Chris Langton didn’t mention the fact that Samoa is the fourth-most obese country in the world, according to the World Health Organisation, so Samoa Air probably isn’t running the risk of having planeloads of skinny malinks running the company into bankruptcy.

Take a Lilliputian creature such as Tom Cruise, for instance. An airline charging by weight would practically have to pay him to fly (except in so far as he adds value by transporting various thick-set Scientology types around with him at all times).

And skinny people generally will represent very poor value to a cost-conscious airline. After all, it takes a lot of effort to stay fashionably thin. A great deal of nice chow must be sacrificed. That sacrifice is often balanced by a lot of shopping for a lot of nice clothes that show your skeleton to its best advantage. What you save on carbohydrates you spend on Karl Lagerfeld.

Consequently, thin people tend to pack almost everything they look cute in, using up the entirety of their luggage allowance, rounded down to the nearest nanogram. Then they sit through the entire flight, with their hands dangling abstemiously in the gaps between their bony thighs, saying no to all the beer and hotdogs.

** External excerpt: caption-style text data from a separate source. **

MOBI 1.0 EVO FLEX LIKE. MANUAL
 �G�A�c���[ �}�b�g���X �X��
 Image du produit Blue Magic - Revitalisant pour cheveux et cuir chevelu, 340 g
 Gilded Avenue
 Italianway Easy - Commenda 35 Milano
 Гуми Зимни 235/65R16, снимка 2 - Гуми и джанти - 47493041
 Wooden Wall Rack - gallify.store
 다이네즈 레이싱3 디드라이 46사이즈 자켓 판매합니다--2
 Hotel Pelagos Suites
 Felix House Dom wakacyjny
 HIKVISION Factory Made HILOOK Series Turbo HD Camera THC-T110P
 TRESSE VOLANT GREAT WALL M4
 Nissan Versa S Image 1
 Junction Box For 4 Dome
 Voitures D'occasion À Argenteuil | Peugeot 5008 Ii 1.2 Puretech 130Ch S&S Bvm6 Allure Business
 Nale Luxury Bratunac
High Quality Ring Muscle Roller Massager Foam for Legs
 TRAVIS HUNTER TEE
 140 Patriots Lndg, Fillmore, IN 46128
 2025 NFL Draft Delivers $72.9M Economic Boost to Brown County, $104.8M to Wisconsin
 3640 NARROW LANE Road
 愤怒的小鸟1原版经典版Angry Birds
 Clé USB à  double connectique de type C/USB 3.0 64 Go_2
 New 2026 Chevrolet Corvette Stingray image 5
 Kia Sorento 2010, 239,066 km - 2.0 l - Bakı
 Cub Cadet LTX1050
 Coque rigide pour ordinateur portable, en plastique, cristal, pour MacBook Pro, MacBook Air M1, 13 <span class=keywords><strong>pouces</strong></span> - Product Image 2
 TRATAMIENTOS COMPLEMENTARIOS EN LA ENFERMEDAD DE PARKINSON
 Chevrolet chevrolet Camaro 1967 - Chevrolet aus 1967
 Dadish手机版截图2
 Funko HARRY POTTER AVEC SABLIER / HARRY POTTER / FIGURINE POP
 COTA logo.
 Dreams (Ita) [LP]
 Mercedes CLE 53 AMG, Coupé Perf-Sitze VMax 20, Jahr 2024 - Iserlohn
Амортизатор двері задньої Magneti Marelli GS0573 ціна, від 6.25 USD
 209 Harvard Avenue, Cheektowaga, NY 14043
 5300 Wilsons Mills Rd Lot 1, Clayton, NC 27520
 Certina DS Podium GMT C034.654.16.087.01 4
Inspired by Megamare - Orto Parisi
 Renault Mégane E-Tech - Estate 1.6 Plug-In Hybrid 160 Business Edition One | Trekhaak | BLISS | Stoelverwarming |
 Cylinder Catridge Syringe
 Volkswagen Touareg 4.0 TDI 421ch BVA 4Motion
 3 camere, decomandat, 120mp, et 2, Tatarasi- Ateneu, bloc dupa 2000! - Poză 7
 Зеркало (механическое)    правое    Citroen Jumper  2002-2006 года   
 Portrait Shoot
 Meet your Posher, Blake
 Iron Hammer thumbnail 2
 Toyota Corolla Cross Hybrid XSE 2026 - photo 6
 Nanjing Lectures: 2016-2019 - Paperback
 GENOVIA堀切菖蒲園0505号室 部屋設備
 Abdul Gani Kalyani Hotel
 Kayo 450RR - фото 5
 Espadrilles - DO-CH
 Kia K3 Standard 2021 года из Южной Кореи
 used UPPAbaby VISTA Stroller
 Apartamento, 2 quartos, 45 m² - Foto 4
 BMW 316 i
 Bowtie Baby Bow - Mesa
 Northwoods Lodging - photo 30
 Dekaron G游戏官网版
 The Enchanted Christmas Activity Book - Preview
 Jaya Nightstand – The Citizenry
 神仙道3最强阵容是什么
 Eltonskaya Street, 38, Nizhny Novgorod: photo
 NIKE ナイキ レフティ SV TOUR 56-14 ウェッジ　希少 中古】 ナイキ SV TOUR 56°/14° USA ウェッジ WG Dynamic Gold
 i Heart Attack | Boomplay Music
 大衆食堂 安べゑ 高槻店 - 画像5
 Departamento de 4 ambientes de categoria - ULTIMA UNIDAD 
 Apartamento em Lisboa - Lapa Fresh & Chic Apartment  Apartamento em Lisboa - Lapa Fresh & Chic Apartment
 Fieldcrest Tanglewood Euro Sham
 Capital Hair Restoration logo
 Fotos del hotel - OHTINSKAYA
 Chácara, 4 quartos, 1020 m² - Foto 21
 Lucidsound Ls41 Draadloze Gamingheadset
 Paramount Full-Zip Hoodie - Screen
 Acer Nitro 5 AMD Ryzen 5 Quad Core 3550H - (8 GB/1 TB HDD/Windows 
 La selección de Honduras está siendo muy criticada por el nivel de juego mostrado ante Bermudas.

Fat people, by contrast, can never find anything to fit them, so they travel light, thus reducing the aircraft’s payload despite having paid more than anyone else for their tickets. And of course they famously can’t go more than ninety minutes without a snack, so even short-haul airlines get to offload their entire stockpile of money-making meatball subs before they expire (though in truth, a meatball sub doesn’t so much have an expiry date as a half-life).

In view of this, Ryanair would have to think up inventive ways to lure the more profitable obese travellers on board its flights. You dread to imagine what meretricious advertising the airline might employ to do this. Just how low might it stoop? You dread it, and yet you cannot help wanting to see it.